AI顔認証エンジンFaceMe®が進化
サイバーリンク株式会社は、AI顔認証エンジンFaceMe® SDKの新バージョン7.9.2を発表しました。この最新版では、セキュリティ強化のために「インジェクション攻撃検知(IAD)」を新たに追加しています。この機能は、ユーザーの本人確認をより安全に行うための重要な要素です。
インジェクション攻撃に対する不安
近年、顔認証技術を狙った攻撃手法は多様化しており、従来の写真や動画を用いる方法に加え、仮想カメラや改竄されたアプリによる攻撃が一般的になっています。
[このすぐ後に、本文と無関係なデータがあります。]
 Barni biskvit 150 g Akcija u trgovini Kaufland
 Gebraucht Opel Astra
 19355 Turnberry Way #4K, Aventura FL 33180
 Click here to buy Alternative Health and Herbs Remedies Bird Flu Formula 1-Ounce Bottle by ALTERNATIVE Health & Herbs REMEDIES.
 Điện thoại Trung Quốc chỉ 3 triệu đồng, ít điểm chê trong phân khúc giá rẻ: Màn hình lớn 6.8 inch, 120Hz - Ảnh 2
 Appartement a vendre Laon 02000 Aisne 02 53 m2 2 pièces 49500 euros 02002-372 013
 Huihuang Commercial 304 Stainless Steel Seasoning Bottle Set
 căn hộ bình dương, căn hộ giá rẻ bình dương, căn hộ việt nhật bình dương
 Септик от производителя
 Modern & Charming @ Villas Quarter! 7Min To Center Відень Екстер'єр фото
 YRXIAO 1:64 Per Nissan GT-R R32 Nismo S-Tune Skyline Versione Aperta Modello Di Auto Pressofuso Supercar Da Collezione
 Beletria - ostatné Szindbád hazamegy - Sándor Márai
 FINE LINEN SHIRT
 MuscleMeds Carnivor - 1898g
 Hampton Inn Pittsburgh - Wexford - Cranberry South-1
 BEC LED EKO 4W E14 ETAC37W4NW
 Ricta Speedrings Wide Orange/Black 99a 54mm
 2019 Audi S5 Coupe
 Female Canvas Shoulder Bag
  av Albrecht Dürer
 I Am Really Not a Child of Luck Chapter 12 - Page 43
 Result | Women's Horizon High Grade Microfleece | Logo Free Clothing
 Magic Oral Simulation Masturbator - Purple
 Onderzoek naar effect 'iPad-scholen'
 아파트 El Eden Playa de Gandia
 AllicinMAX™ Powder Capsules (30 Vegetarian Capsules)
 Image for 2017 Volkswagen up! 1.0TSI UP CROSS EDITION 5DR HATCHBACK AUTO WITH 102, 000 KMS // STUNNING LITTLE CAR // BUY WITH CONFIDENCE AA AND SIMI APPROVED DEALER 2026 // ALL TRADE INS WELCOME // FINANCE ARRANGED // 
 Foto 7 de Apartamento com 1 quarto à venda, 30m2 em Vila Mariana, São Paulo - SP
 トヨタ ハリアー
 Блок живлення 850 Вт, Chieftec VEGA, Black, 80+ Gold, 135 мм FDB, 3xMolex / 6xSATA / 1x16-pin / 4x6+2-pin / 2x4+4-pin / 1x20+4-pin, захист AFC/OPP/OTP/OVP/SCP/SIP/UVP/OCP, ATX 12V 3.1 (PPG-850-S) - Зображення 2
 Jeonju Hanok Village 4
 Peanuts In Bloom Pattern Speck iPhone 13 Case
これに対抗するため、FaceMe® SDKは、顔認証に加えてなりすましやディープフェイクの検知とともに、インジェクション攻撃検知を搭載しており、計4つのセキュリティ機能が統合されています。
4層のセキュリティ機能
新しいFaceMe® SDK 7.9.2は、以下の4つの機能によって本人確認の安全性を高めます:
1.
顔認証 - 登録された顔情報との照合により、本人性を確認します。
2.
なりすまし攻撃検知(PAD) - 写真や3Dマスクを用いた攻撃を検知します。
3.
ディープフェイク検知 - AI加工による偽の顔情報を見つけ出します。
4.
インジェクション攻撃検知(IAD) - 偽造データを直接認証システムに送り込む攻撃を検出します。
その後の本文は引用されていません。